Бальтазар Г. У. фон; Барт К.; Кюнг Г. Богословие и музыка. Три речи о Моцарте/ Пер. с нем. (Серия «Современное богословие»). – М.: Библейско-богословский ин-т св. апостола Андрея, 2006. – 159 с.
В сборник, посвященный Моцарту, включены эссе известного протестантского богослова, автора многотомной «Церковной догматики» Карла Барта и статьи католических богословов Ганса Урса фон Бальтазара и Ганса Кюнга. Их объединяет любовь к музыке Моцарта как наиболее совершенному выражению «божественного в искусстве».
Двадцатилетний Ганс Бальтазар дебютировал в 20-е годы прошлого века не богословской работой, а философско-богословским эссе «Раскрытие музыкальной идеи. Опыт синтеза музыки». «Музыка, – писал Бальтазар, – форма, которая в наибольшей степени приближает к духу», она представляет собой и форму искания Бога.
Именно он первым из богословов заметил и «озвучил» эту особенность музыки в ряду других искусств: «Своеобразие музыки заключается┘ в задаче сосредоточения и расширения, интенсивности или┘ «динамического» Бога, по ту сторону мыслительного, словесного, зрительного, в виде чистой формы непосредственной истины».

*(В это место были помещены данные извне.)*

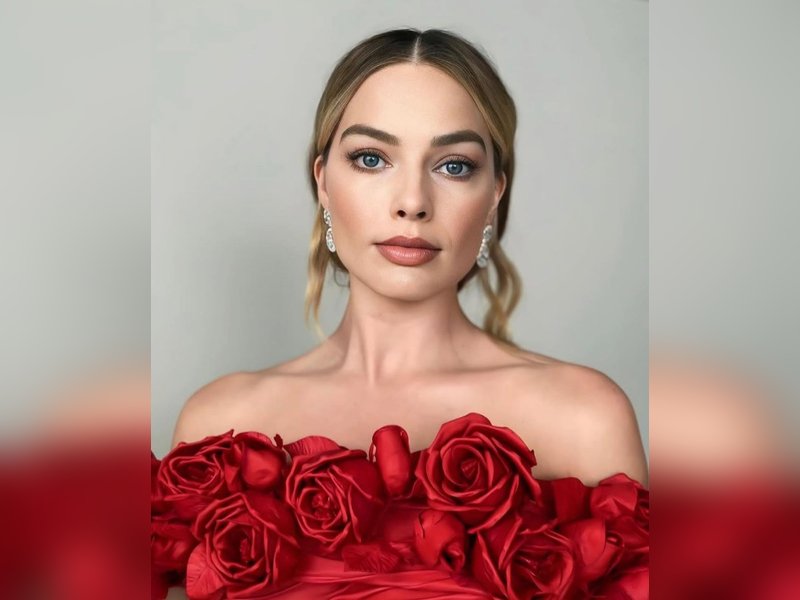 Margot Robbie says an actor once gave her a book advising her to ‘eat less’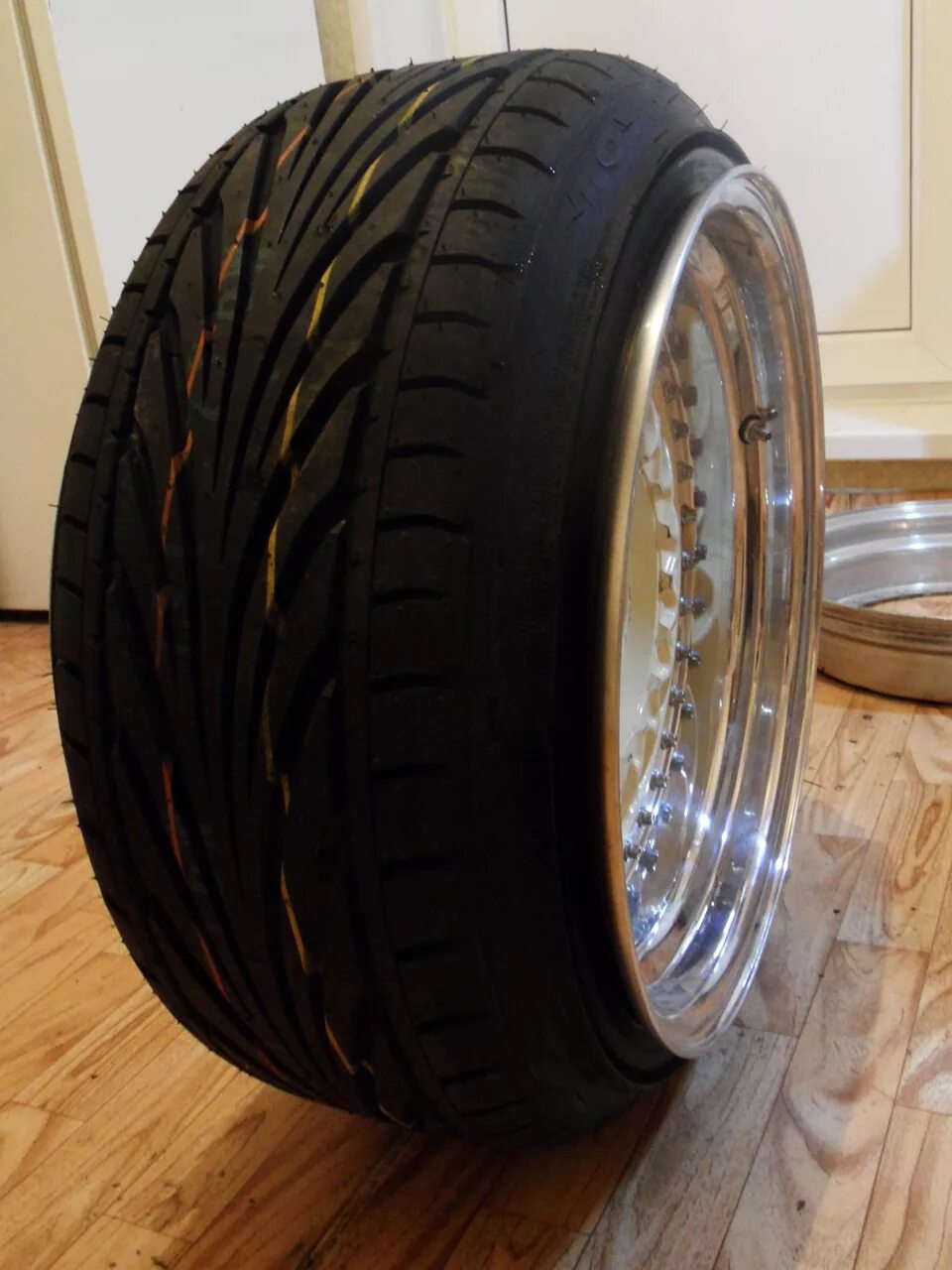 195 50 16 купить. Toyo PROXES t1r. Toyo PROXES t1r 225/40r18 Mitsubishi. Toyo PROXES t1r 225 60 r17. Toyo t1r 205/50/16.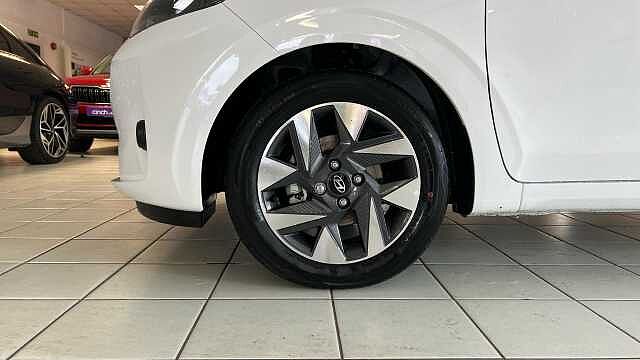 Hyundai i10 1.0 [63] Advance 5dr [Nav]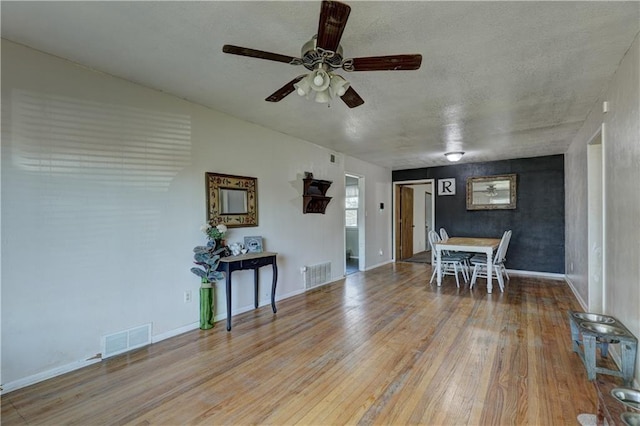 209 W Glenhaven Dr, Oklahoma City, OK 73110 - photo 3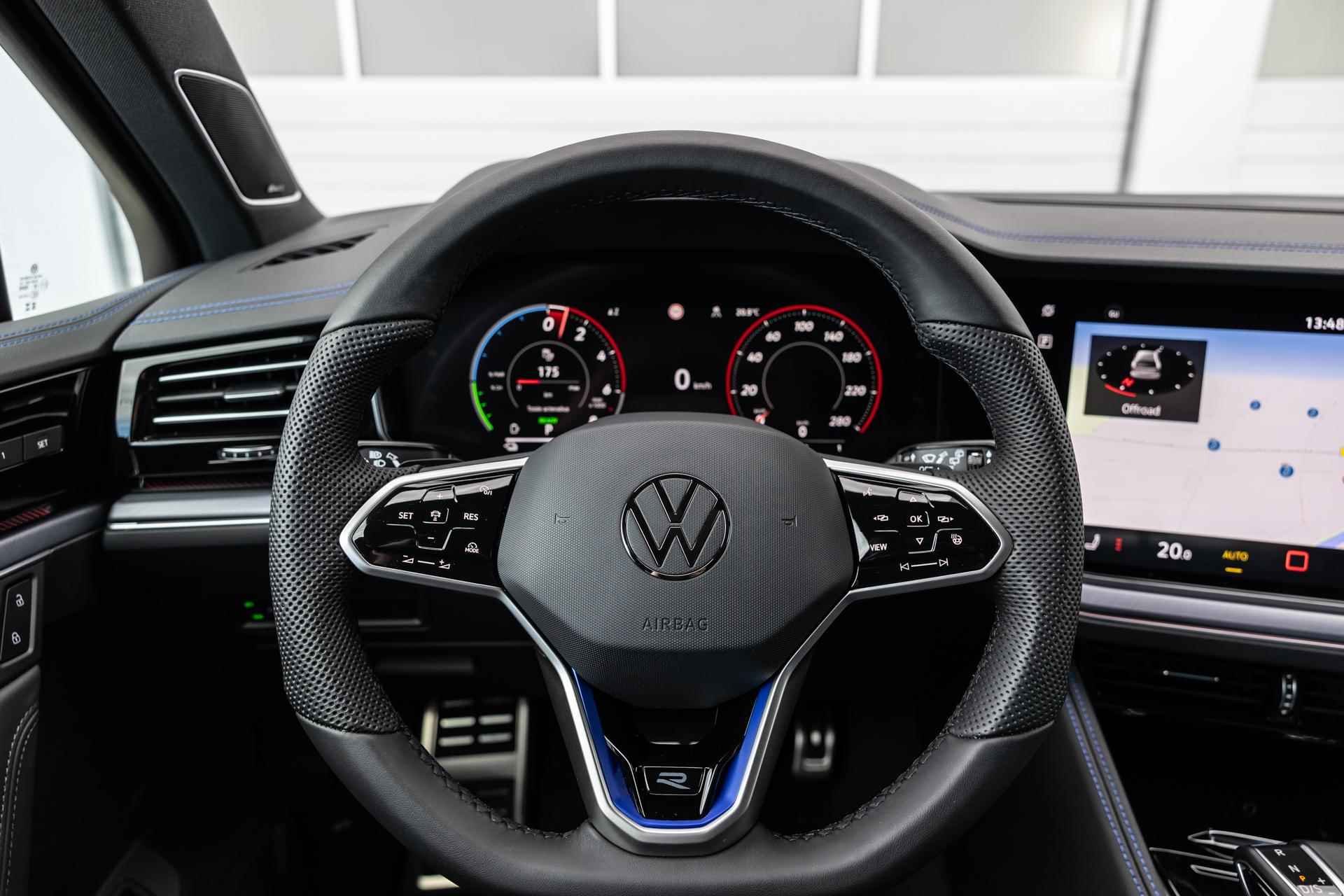 Volkswagen Touareg R 3.0 TSi 462pk eHybrid 4MOTION | Panoramadak | 21" Velgen | Trekhaak Elektrisch | Sluithulp | Head-up Display - 49/67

Карл Барт, подхватывая традиционную для европейской философско-культурологической мысли тему о преимуществе музыки перед словом, провозглашает Моцарта «медиумом, который слышит и передает нам движение и дыхание Вселенной».
Но почему именно Моцарт? Барт отвечает на этот вопрос в своих эссе «Признание Моцарту» и «Свобода Моцарта»: «Он играет и не прекращает игру. Те, кто, слушая Моцарта, не ощущают себя в движении, в полете, – те не умеют играть вместе с ним, не умеют правильно слушать его; им не удастся почувствовать радость и облегчение от музыки Моцарта».
Богослов, признававшийся, что он не музыкант, сумел уловить в музыке композитора то главное, чем обычно пренебрегают специалисты: «Я благодарю вас за то, что, слушая вашу музыку, я ощущаю себя на пороге мира, который гармоничен и прекрасен всегда: при свете солнца и в бурю, днем и ночью. Вы дарите нам, людям XX века, мужество (а не высокомерие!), темп (а не задыхающийся хаос наших дней!), чистоту (а не ханжество!), мир (а не равнодушную вялость!)».
И, наконец, в конце сборника статья Ганса Кюнга «Вольфганг Амадей Моцарт – следы трансцендентного». Богослов, как всегда спорящий со всеми (даже с Бартом!) и не признающий никаких авторитетов, основное внимание уделяет «религиозному аспекту личности и музыки» великого композитора.
Кюнг с удовольствием выделяет в жизни Моцарта черты некого церковного диссидентства, причисляя «композитора-нонконформиста» к «критически настроенным католикам», и тут же подчеркивает: «Тот, кто утверждал масонские идеалы человеколюбия и Просвещения, свободы, равенства, братства, вряд ли интересовался Церковью как иерархической организацией, которая всячески плодила суеверия и терпела декадентское монашество».
Однако далее Кюнг после вышесказанного доказывает оторопелому читателю, что Моцарт тем не менее – образец «католической набожности», которая была «вполне совместима с религиозными насмешками над духовенством и Церковью и, наконец, с гуманистическими масонскими идеалами».
Разгадка «тайны Моцарта» для Кюнга, кажется, совершенно ясна. Он утверждает: «Моцарт не был религиозным мыслителем или богословом, он был кем угодно, только не фанатиком благочестия или святым в личной жизни. И все же для того, кто пишет такую музыку, истинная религиозность составляет «тайный стержень души».
Ссылаясь на Карла Маркса, богослов замечает: «Музыка – не только маршевая, но и церковная – способна опьянить, одурманить и совратить┘»
Однако к духовной музыке Моцарта это не относится, она «безо всякой богословской рефлексии представляет собой музыкальное воплощение литургии».